WORK REQUIRED
The whole listing needs to be written out exactly, except for any images.

(DATA SEGMENT begins)

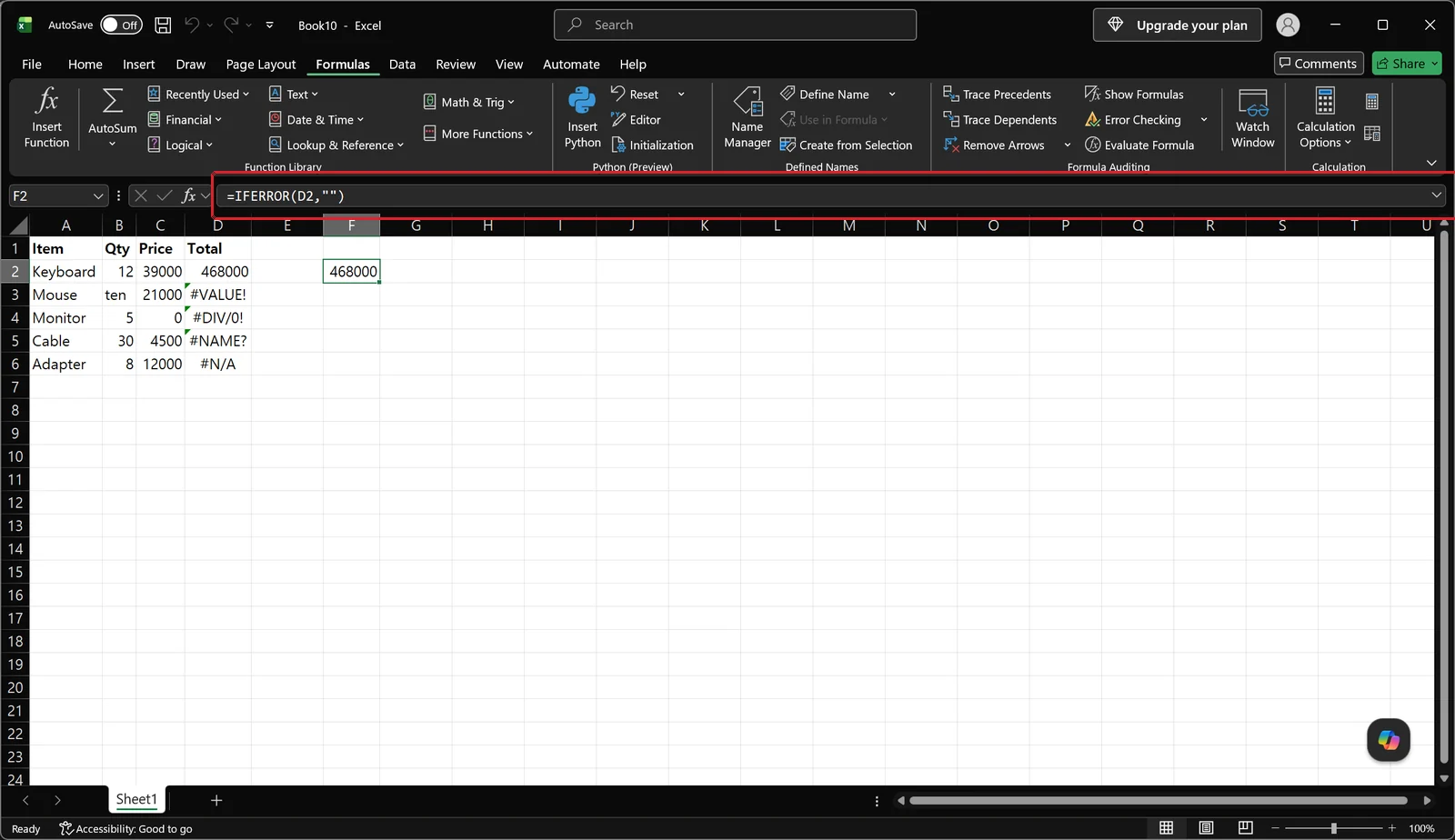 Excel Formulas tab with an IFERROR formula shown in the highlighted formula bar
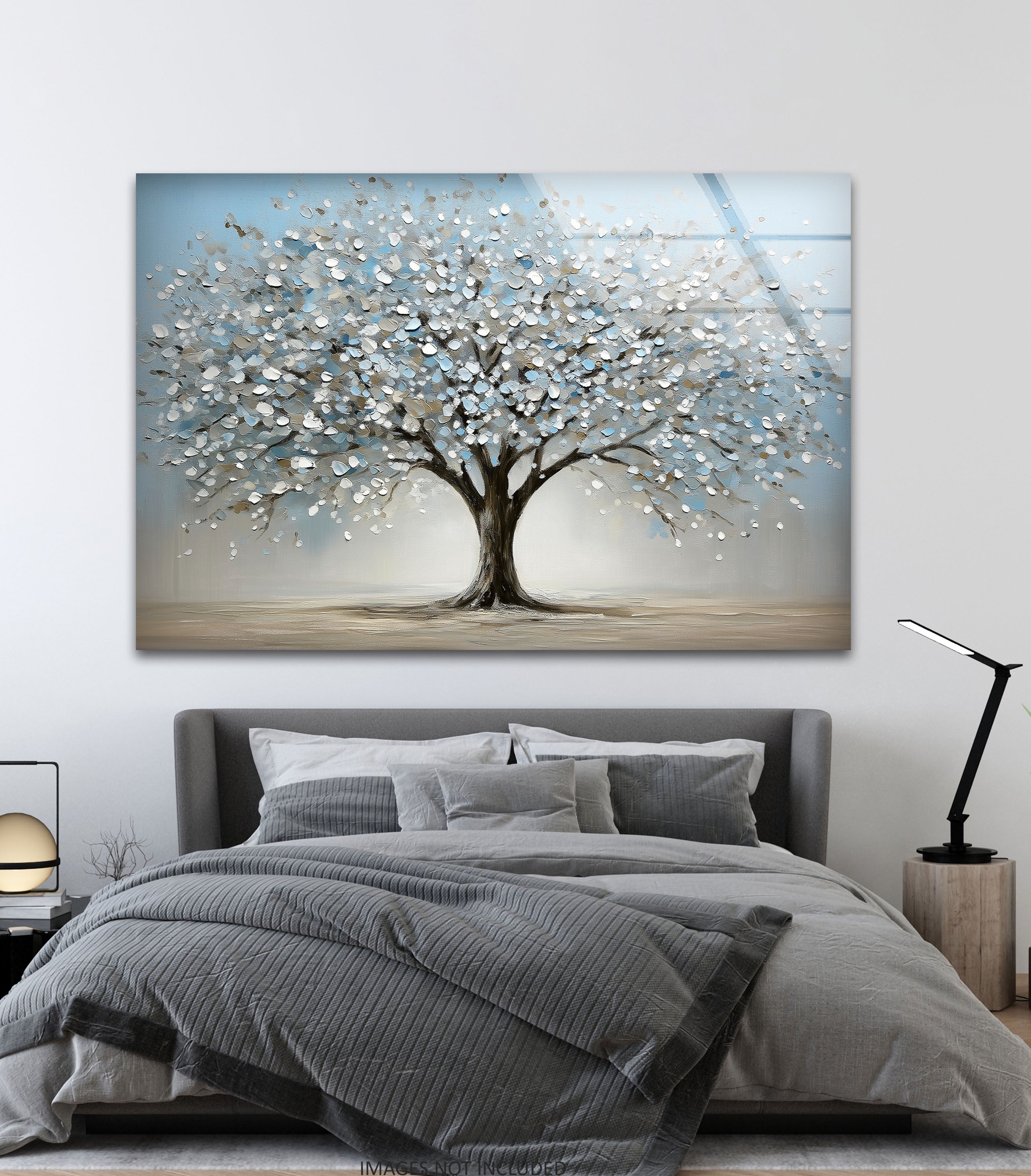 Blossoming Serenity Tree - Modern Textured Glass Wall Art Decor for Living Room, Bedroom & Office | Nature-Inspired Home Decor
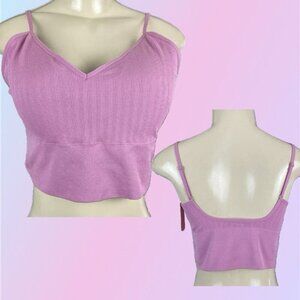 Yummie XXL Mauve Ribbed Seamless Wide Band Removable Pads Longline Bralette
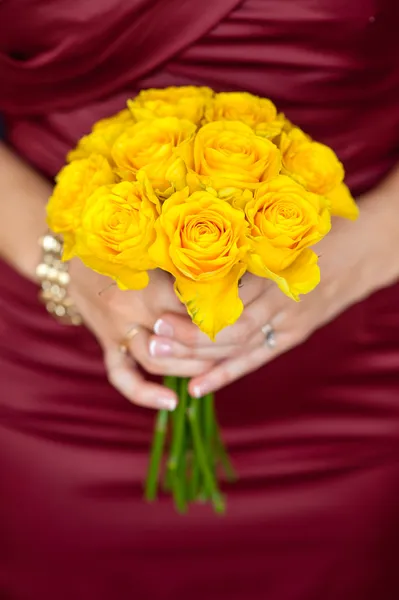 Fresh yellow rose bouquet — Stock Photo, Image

(DATA SEGMENT ends)

EXERCISE SOLUTION
 Excel Formulas tab with an IFERROR formula shown in the highlighted formula bar
 Blossoming Serenity Tree - Modern Textured Glass Wall Art Decor for Living Room, Bedroom & Office | Nature-Inspired Home Decor
 Yummie XXL Mauve Ribbed Seamless Wide Band Removable Pads Longline Bralette
 Fresh yellow rose bouquet — Stock Photo, Image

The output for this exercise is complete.